Stones in His Pockets returns to the King’s Theatre Stage this week (Tuesday 2nd to Saturday 6th April) after a long gap (2005), and the reaction it is getting tonight is to say the least a mixed one. The audience in the theatre tonight was roughly split in two between older theatre goers and a large party of school pupils, and if this split is anything to go by then the reaction to this work is one that appears to be different between the generations.
Originally written in 1996 by Marie Jones, this story of a large film production company descending upon a small rural community is proof that out of all the varieties of performance theatre out there, comedy is the one that by virtue of our changing values and outlooks dates the quickest, and often for the worse. Stones in His Pockets clearly reflects in some areas humour that was acceptable 20 plus years ago, but which now, to many of us, is simply no longer funny in its content or dialogue. By contrast though there are lines here that are as sharply humorous as when they were written.

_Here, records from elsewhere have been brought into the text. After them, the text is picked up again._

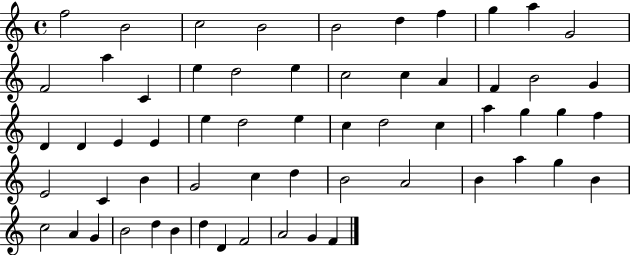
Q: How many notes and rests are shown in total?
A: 60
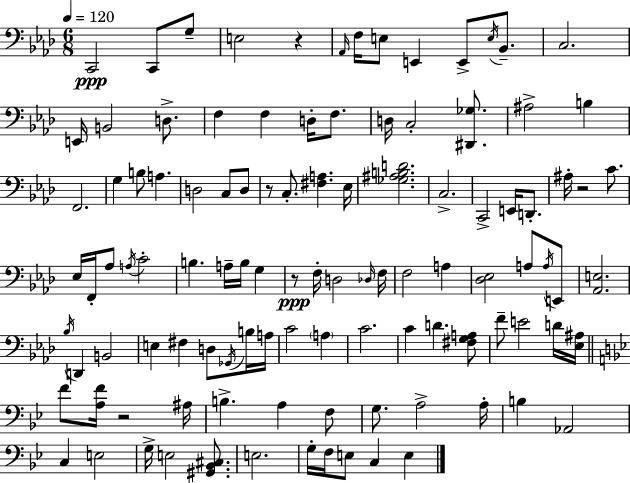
X:1
T:Untitled
M:6/8
L:1/4
K:Ab
C,,2 C,,/2 G,/2 E,2 z _A,,/4 F,/4 E,/2 E,, E,,/2 E,/4 _B,,/2 C,2 E,,/4 B,,2 D,/2 F, F, D,/4 F,/2 D,/4 C,2 [^D,,_G,]/2 ^A,2 B, F,,2 G, B,/2 A, D,2 C,/2 D,/2 z/2 C,/2 [^F,A,] _E,/4 [_G,^A,B,D]2 C,2 C,,2 E,,/4 D,,/2 ^A,/4 z2 C/2 _E,/4 F,,/4 _A,/2 A,/4 C2 B, A,/4 B,/4 G, z/2 F,/4 D,2 _D,/4 F,/4 F,2 A, [_D,_E,]2 A,/2 A,/4 E,,/2 [_A,,E,]2 _B,/4 D,, B,,2 E, ^F, D,/2 _G,,/4 B,/4 A,/4 C2 A, C2 C D [^F,G,A,]/2 F/2 E2 D/4 [_E,^A,]/4 F/2 [A,F]/4 z2 ^A,/4 B, A, F,/2 G,/2 A,2 A,/4 B, _A,,2 C, E,2 G,/4 E,2 [^G,,_B,,^C,]/2 E,2 G,/4 F,/4 E,/2 C, E,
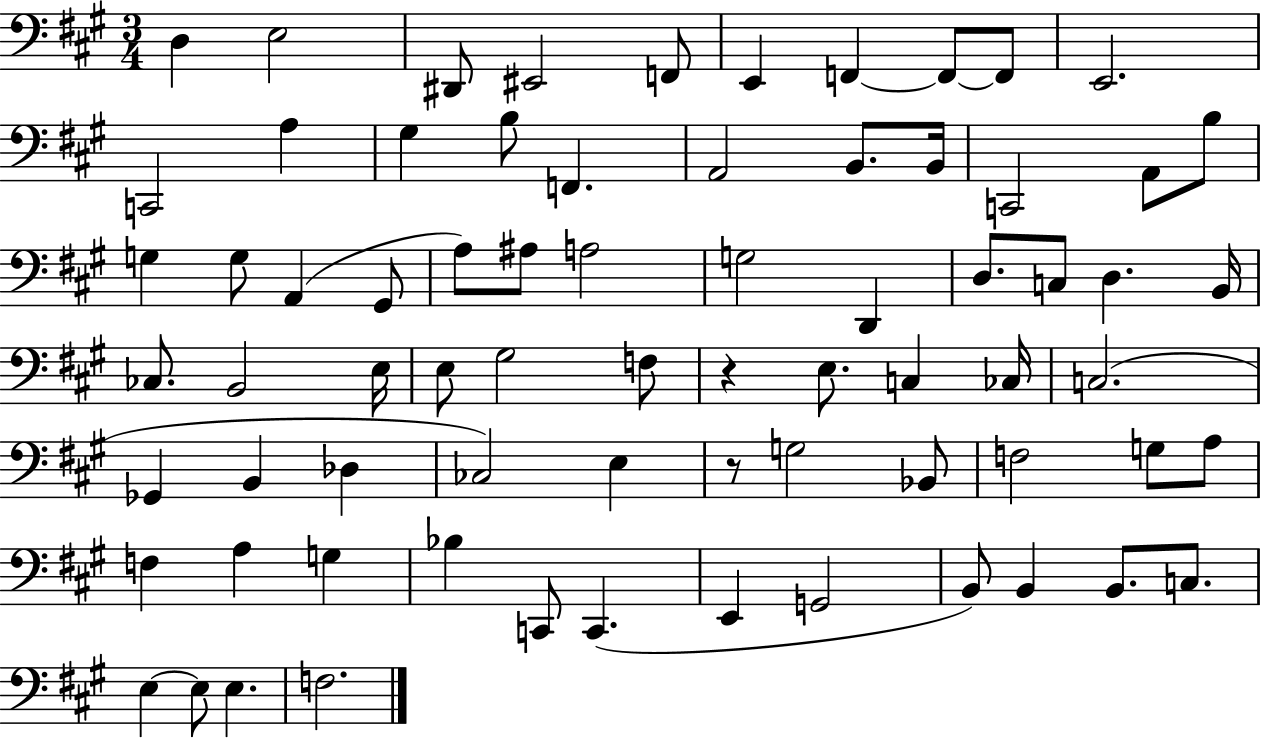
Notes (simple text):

D3/q E3/h D#2/e EIS2/h F2/e E2/q F2/q F2/e F2/e E2/h. C2/h A3/q G#3/q B3/e F2/q. A2/h B2/e. B2/s C2/h A2/e B3/e G3/q G3/e A2/q G#2/e A3/e A#3/e A3/h G3/h D2/q D3/e. C3/e D3/q. B2/s CES3/e. B2/h E3/s E3/e G#3/h F3/e R/q E3/e. C3/q CES3/s C3/h. Gb2/q B2/q Db3/q CES3/h E3/q R/e G3/h Bb2/e F3/h G3/e A3/e F3/q A3/q G3/q Bb3/q C2/e C2/q. E2/q G2/h B2/e B2/q B2/e. C3/e. E3/q E3/e E3/q. F3/h.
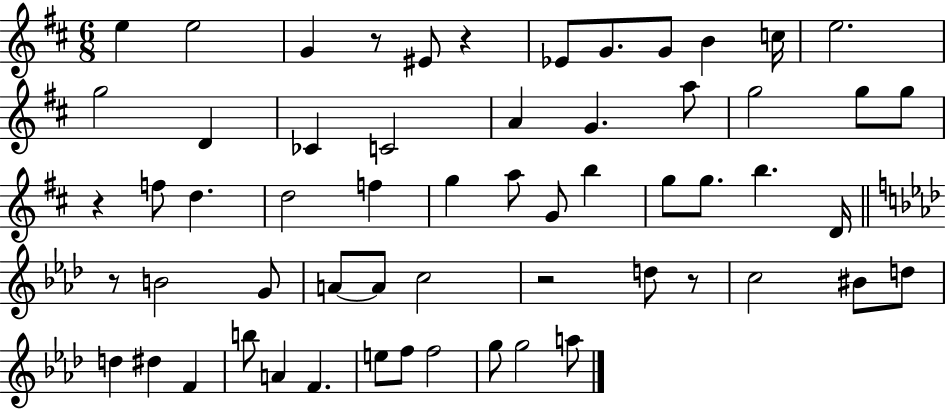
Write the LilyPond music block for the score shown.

{
  \clef treble
  \numericTimeSignature
  \time 6/8
  \key d \major
  e''4 e''2 | g'4 r8 eis'8 r4 | ees'8 g'8. g'8 b'4 c''16 | e''2. | \break g''2 d'4 | ces'4 c'2 | a'4 g'4. a''8 | g''2 g''8 g''8 | \break r4 f''8 d''4. | d''2 f''4 | g''4 a''8 g'8 b''4 | g''8 g''8. b''4. d'16 | \break \bar "||" \break \key aes \major r8 b'2 g'8 | a'8~~ a'8 c''2 | r2 d''8 r8 | c''2 bis'8 d''8 | \break d''4 dis''4 f'4 | b''8 a'4 f'4. | e''8 f''8 f''2 | g''8 g''2 a''8 | \break \bar "|."
}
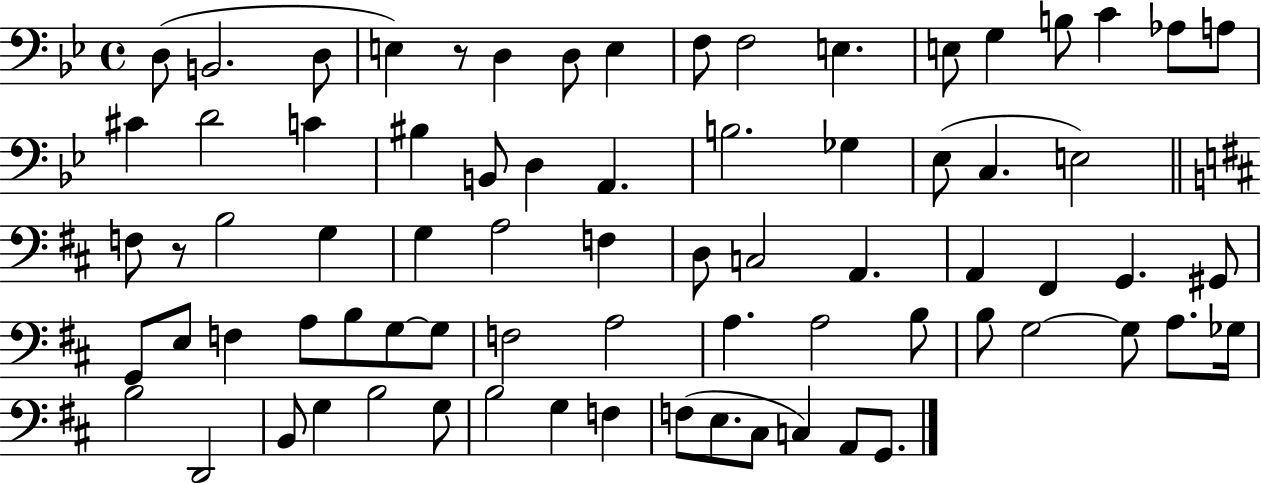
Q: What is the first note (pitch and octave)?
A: D3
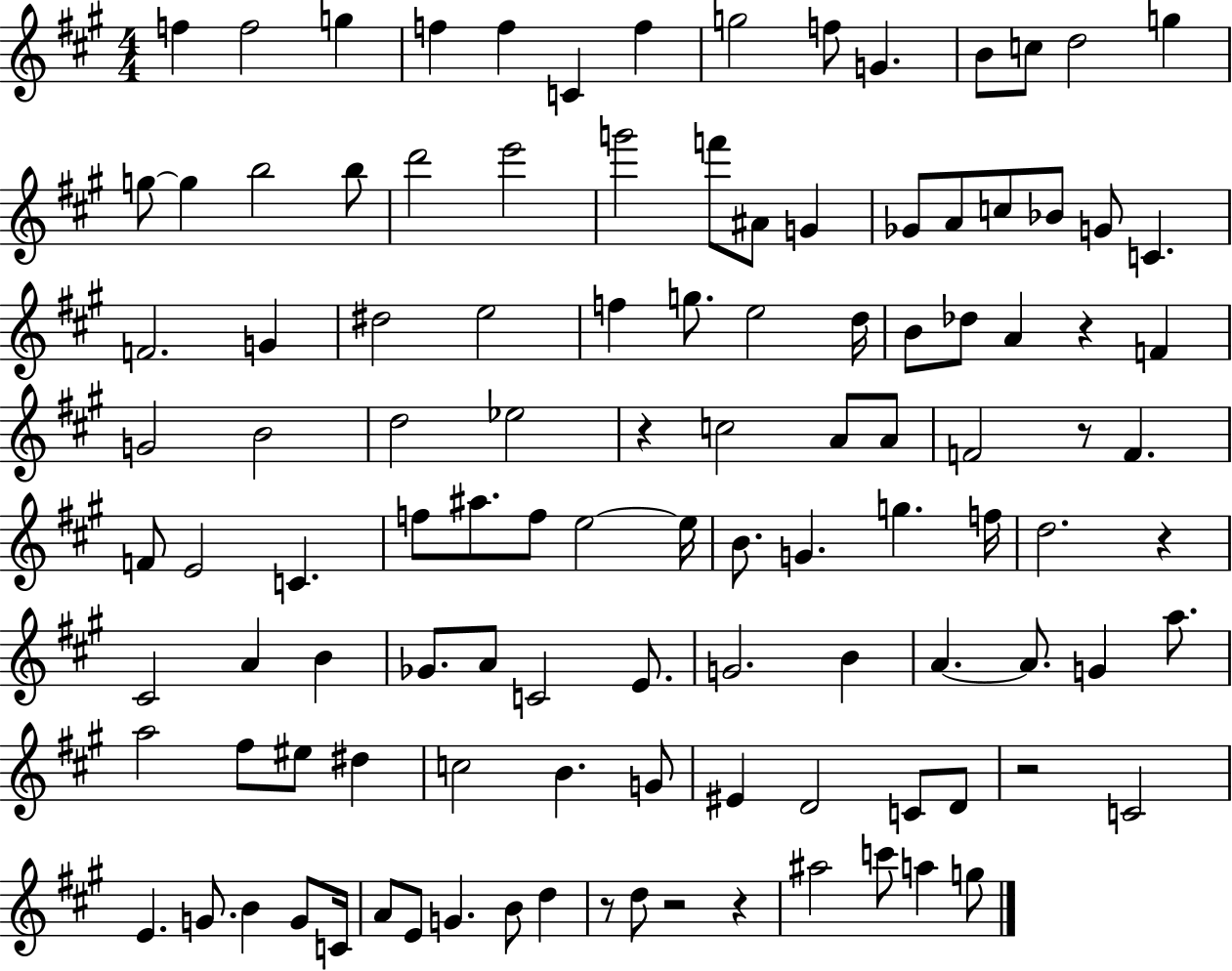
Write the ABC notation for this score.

X:1
T:Untitled
M:4/4
L:1/4
K:A
f f2 g f f C f g2 f/2 G B/2 c/2 d2 g g/2 g b2 b/2 d'2 e'2 g'2 f'/2 ^A/2 G _G/2 A/2 c/2 _B/2 G/2 C F2 G ^d2 e2 f g/2 e2 d/4 B/2 _d/2 A z F G2 B2 d2 _e2 z c2 A/2 A/2 F2 z/2 F F/2 E2 C f/2 ^a/2 f/2 e2 e/4 B/2 G g f/4 d2 z ^C2 A B _G/2 A/2 C2 E/2 G2 B A A/2 G a/2 a2 ^f/2 ^e/2 ^d c2 B G/2 ^E D2 C/2 D/2 z2 C2 E G/2 B G/2 C/4 A/2 E/2 G B/2 d z/2 d/2 z2 z ^a2 c'/2 a g/2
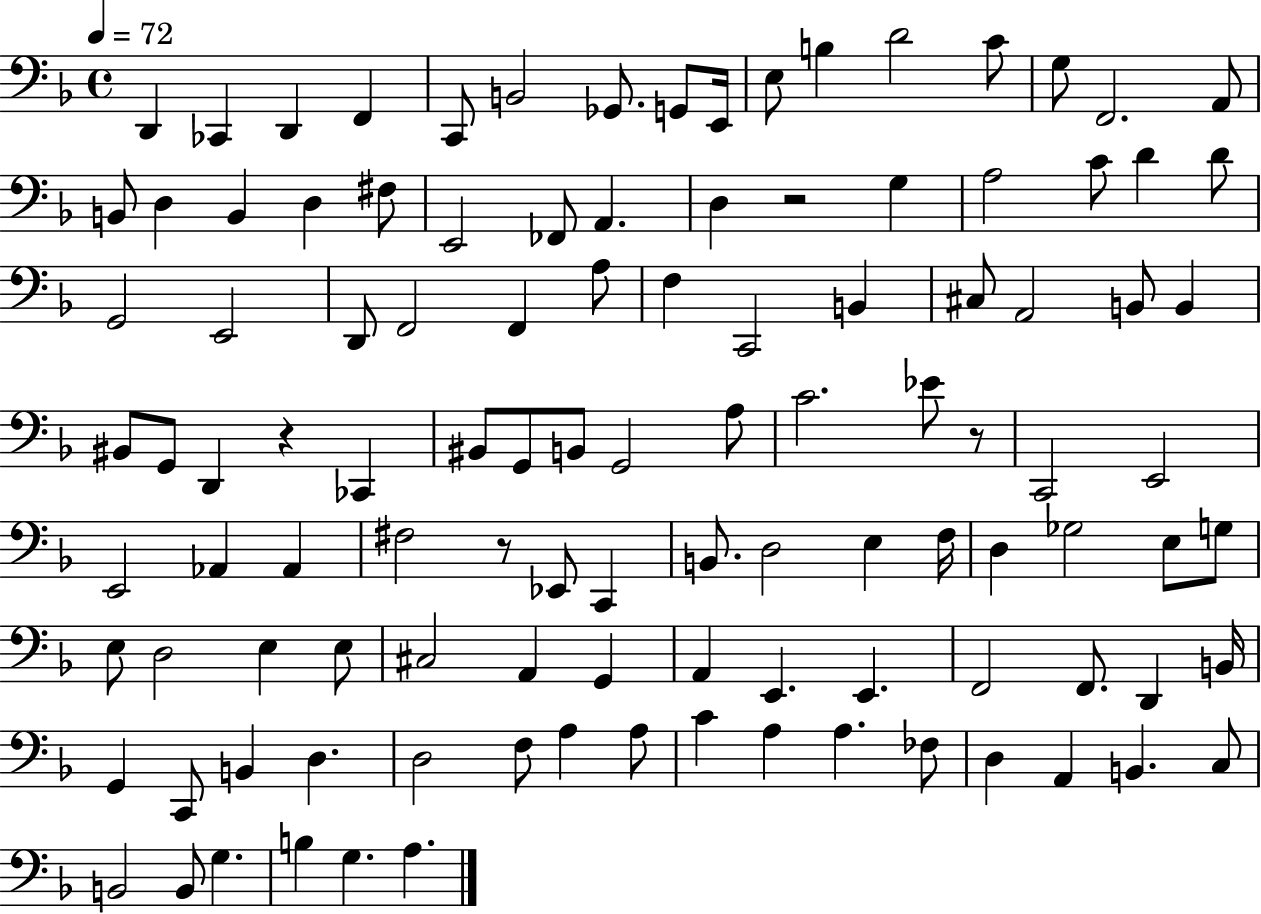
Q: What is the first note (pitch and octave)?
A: D2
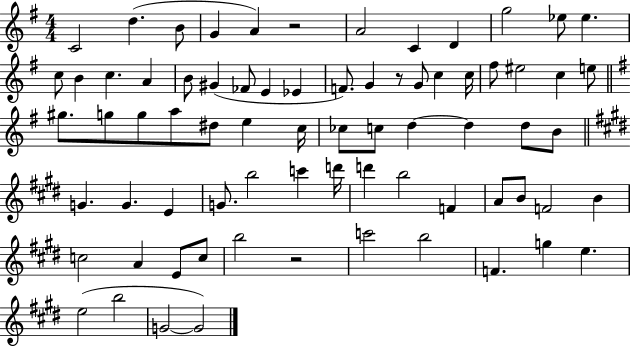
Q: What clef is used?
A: treble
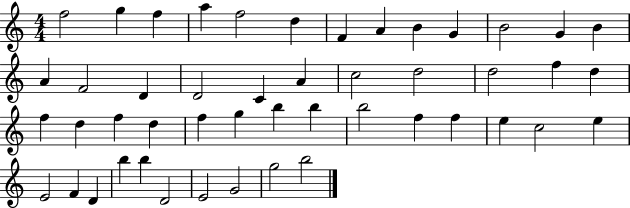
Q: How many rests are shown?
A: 0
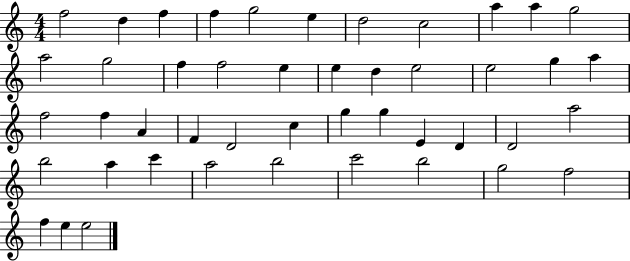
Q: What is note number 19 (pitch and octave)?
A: E5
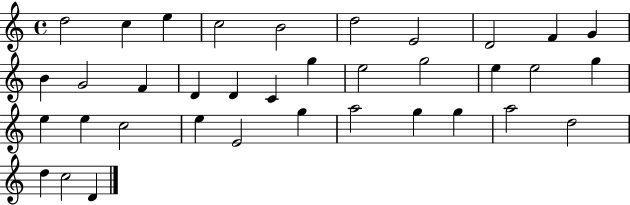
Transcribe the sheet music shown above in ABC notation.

X:1
T:Untitled
M:4/4
L:1/4
K:C
d2 c e c2 B2 d2 E2 D2 F G B G2 F D D C g e2 g2 e e2 g e e c2 e E2 g a2 g g a2 d2 d c2 D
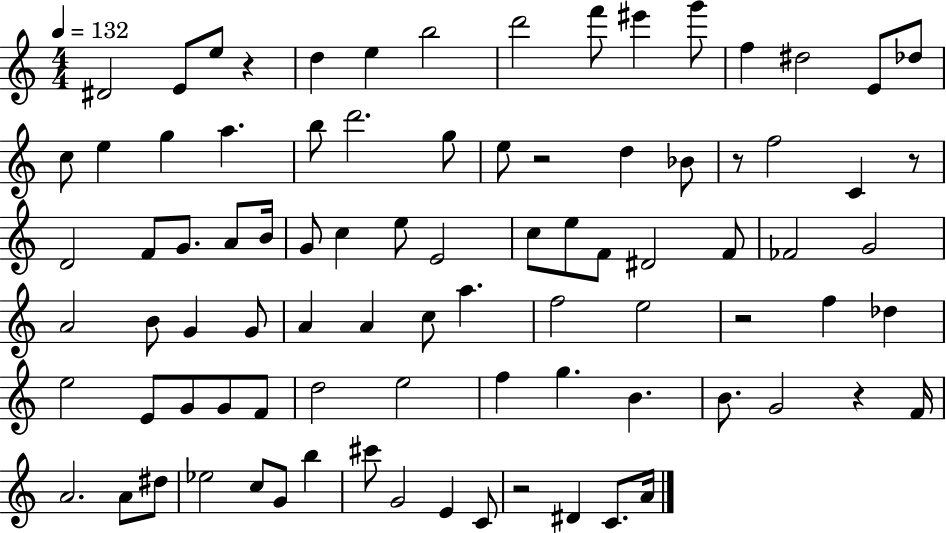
X:1
T:Untitled
M:4/4
L:1/4
K:C
^D2 E/2 e/2 z d e b2 d'2 f'/2 ^e' g'/2 f ^d2 E/2 _d/2 c/2 e g a b/2 d'2 g/2 e/2 z2 d _B/2 z/2 f2 C z/2 D2 F/2 G/2 A/2 B/4 G/2 c e/2 E2 c/2 e/2 F/2 ^D2 F/2 _F2 G2 A2 B/2 G G/2 A A c/2 a f2 e2 z2 f _d e2 E/2 G/2 G/2 F/2 d2 e2 f g B B/2 G2 z F/4 A2 A/2 ^d/2 _e2 c/2 G/2 b ^c'/2 G2 E C/2 z2 ^D C/2 A/4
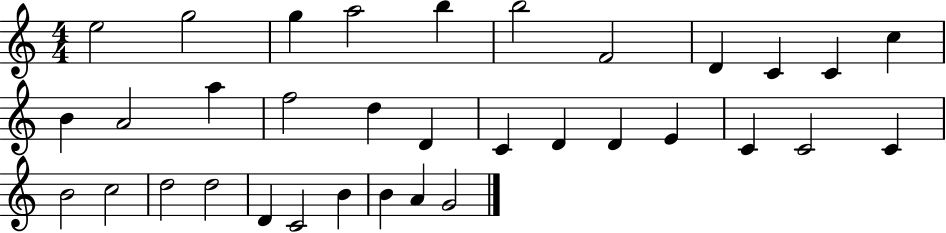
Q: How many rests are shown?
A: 0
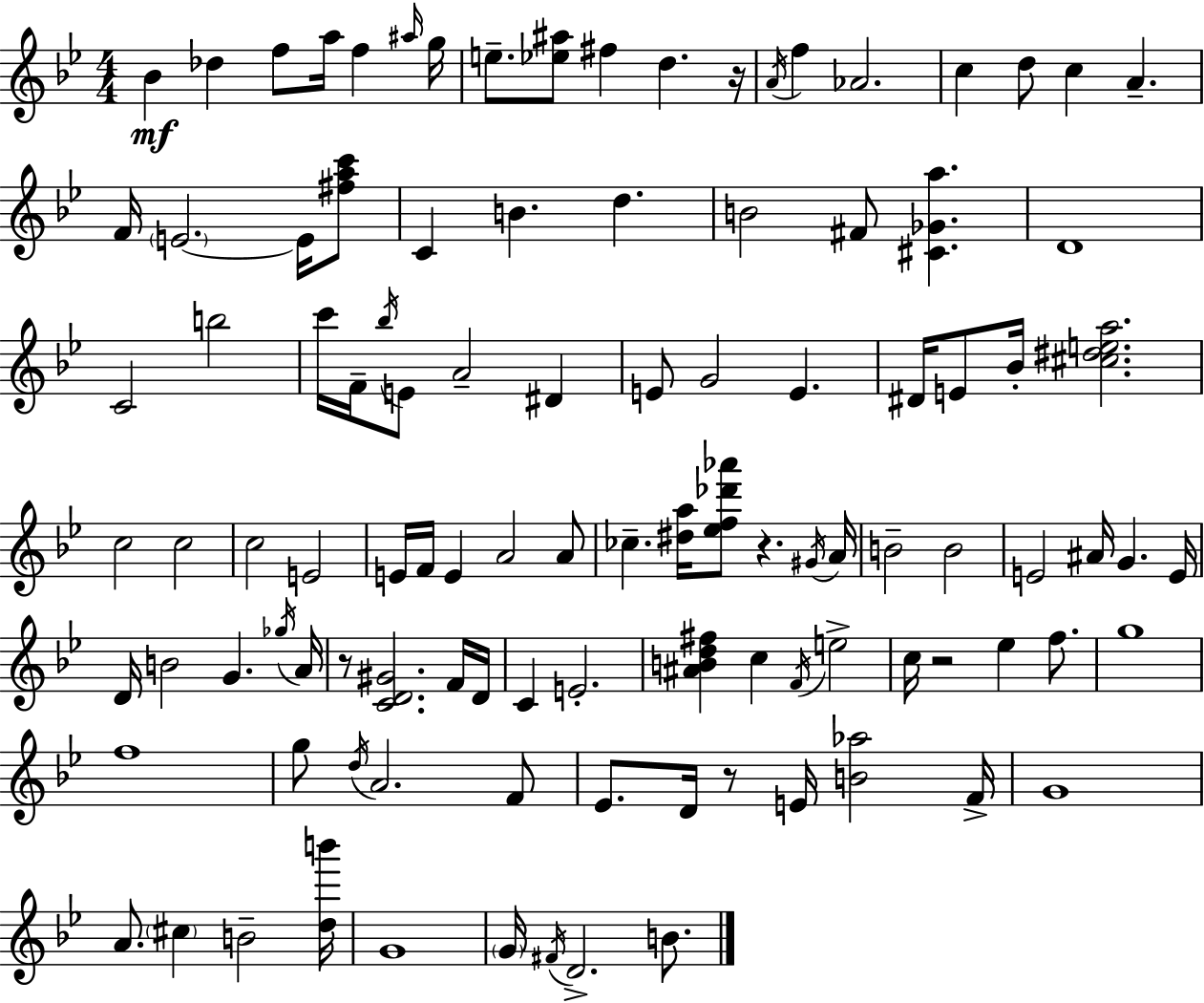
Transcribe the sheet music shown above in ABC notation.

X:1
T:Untitled
M:4/4
L:1/4
K:Bb
_B _d f/2 a/4 f ^a/4 g/4 e/2 [_e^a]/2 ^f d z/4 A/4 f _A2 c d/2 c A F/4 E2 E/4 [^fac']/2 C B d B2 ^F/2 [^C_Ga] D4 C2 b2 c'/4 F/4 _b/4 E/2 A2 ^D E/2 G2 E ^D/4 E/2 _B/4 [^c^dea]2 c2 c2 c2 E2 E/4 F/4 E A2 A/2 _c [^da]/4 [_ef_d'_a']/2 z ^G/4 A/4 B2 B2 E2 ^A/4 G E/4 D/4 B2 G _g/4 A/4 z/2 [CD^G]2 F/4 D/4 C E2 [^ABd^f] c F/4 e2 c/4 z2 _e f/2 g4 f4 g/2 d/4 A2 F/2 _E/2 D/4 z/2 E/4 [B_a]2 F/4 G4 A/2 ^c B2 [db']/4 G4 G/4 ^F/4 D2 B/2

This work is a two person play and here Owen Sharpe and Kevin Trainor take on the personas of multiple characters – 15 in total, men and women, and although Owen and Kevin are very good at what they do, they are all too often having to deal with one dimensional stereotypes that leave little room for me as an observer to take any interest in. Some are so dated now that they are probably borderline acceptable to many, we really have moved on (I hope) in 20 years. The constant switching of characters with often only a few seconds in between them, a little turn here, or a visit to the big trunk dressing up box on stage becomes repetitive after a short while for me too; just as I am starting to maybe take an interest in a character they are swiftly gone, and often replaced by one unsympathetic to the story line of the last one. Still, I admire the performance skill of Owen and Kevin in not only remembering a whole script on stage with nowhere to hide, but also what characters the lines belong to.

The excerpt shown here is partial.